/---

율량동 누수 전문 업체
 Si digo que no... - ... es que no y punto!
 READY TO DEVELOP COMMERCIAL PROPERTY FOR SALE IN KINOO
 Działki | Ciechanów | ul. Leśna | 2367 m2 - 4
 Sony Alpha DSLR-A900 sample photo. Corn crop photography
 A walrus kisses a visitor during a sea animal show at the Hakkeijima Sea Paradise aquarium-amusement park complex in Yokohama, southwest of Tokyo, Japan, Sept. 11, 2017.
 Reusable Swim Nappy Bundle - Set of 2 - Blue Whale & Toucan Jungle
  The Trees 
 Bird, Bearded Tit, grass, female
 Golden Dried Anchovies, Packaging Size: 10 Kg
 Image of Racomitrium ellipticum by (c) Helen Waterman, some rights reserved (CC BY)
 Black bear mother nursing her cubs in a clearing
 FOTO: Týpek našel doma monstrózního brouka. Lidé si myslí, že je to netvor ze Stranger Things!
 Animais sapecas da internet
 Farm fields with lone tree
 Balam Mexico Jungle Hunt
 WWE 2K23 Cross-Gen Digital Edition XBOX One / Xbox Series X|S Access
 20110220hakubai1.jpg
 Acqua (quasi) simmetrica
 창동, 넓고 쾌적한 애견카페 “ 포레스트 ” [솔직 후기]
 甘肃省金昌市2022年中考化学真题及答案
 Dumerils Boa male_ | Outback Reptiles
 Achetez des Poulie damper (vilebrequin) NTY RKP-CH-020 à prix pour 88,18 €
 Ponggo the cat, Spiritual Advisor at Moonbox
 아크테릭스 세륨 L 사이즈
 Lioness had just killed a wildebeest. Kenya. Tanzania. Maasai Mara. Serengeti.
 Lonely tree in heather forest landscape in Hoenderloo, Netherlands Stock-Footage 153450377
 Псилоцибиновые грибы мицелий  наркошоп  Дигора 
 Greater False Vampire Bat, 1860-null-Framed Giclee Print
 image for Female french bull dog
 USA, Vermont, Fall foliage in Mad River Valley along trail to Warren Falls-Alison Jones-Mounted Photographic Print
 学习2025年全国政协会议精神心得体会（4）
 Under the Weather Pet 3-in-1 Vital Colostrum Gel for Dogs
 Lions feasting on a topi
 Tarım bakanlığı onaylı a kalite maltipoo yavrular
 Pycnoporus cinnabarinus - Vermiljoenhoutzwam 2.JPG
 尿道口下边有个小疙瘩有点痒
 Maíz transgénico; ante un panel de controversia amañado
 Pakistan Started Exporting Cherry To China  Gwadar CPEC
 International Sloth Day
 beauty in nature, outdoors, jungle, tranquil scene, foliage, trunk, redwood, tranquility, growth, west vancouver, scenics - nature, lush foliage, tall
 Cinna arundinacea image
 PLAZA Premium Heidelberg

\---

What you will do: Copy every line of the material, please, keeping it exactly the same.

Expected output:
율량동 누수 전문 업체
 Si digo que no... - ... es que no y punto!
 READY TO DEVELOP COMMERCIAL PROPERTY FOR SALE IN KINOO
 Działki | Ciechanów | ul. Leśna | 2367 m2 - 4
 Sony Alpha DSLR-A900 sample photo. Corn crop photography
 A walrus kisses a visitor during a sea animal show at the Hakkeijima Sea Paradise aquarium-amusement park complex in Yokohama, southwest of Tokyo, Japan, Sept. 11, 2017.
 Reusable Swim Nappy Bundle - Set of 2 - Blue Whale & Toucan Jungle
  The Trees 
 Bird, Bearded Tit, grass, female
 Golden Dried Anchovies, Packaging Size: 10 Kg
 Image of Racomitrium ellipticum by (c) Helen Waterman, some rights reserved (CC BY)
 Black bear mother nursing her cubs in a clearing
 FOTO: Týpek našel doma monstrózního brouka. Lidé si myslí, že je to netvor ze Stranger Things!
 Animais sapecas da internet
 Farm fields with lone tree
 Balam Mexico Jungle Hunt
 WWE 2K23 Cross-Gen Digital Edition XBOX One / Xbox Series X|S Access
 20110220hakubai1.jpg
 Acqua (quasi) simmetrica
 창동, 넓고 쾌적한 애견카페 “ 포레스트 ” [솔직 후기]
 甘肃省金昌市2022年中考化学真题及答案
 Dumerils Boa male_ | Outback Reptiles
 Achetez des Poulie damper (vilebrequin) NTY RKP-CH-020 à prix pour 88,18 €
 Ponggo the cat, Spiritual Advisor at Moonbox
 아크테릭스 세륨 L 사이즈
 Lioness had just killed a wildebeest. Kenya. Tanzania. Maasai Mara. Serengeti.
 Lonely tree in heather forest landscape in Hoenderloo, Netherlands Stock-Footage 153450377
 Псилоцибиновые грибы мицелий  наркошоп  Дигора 
 Greater False Vampire Bat, 1860-null-Framed Giclee Print
 image for Female french bull dog
 USA, Vermont, Fall foliage in Mad River Valley along trail to Warren Falls-Alison Jones-Mounted Photographic Print
 学习2025年全国政协会议精神心得体会（4）
 Under the Weather Pet 3-in-1 Vital Colostrum Gel for Dogs
 Lions feasting on a topi
 Tarım bakanlığı onaylı a kalite maltipoo yavrular
 Pycnoporus cinnabarinus - Vermiljoenhoutzwam 2.JPG
 尿道口下边有个小疙瘩有点痒
 Maíz transgénico; ante un panel de controversia amañado
 Pakistan Started Exporting Cherry To China  Gwadar CPEC
 International Sloth Day
 beauty in nature, outdoors, jungle, tranquil scene, foliage, trunk, redwood, tranquility, growth, west vancouver, scenics - nature, lush foliage, tall
 Cinna arundinacea image
 PLAZA Premium Heidelberg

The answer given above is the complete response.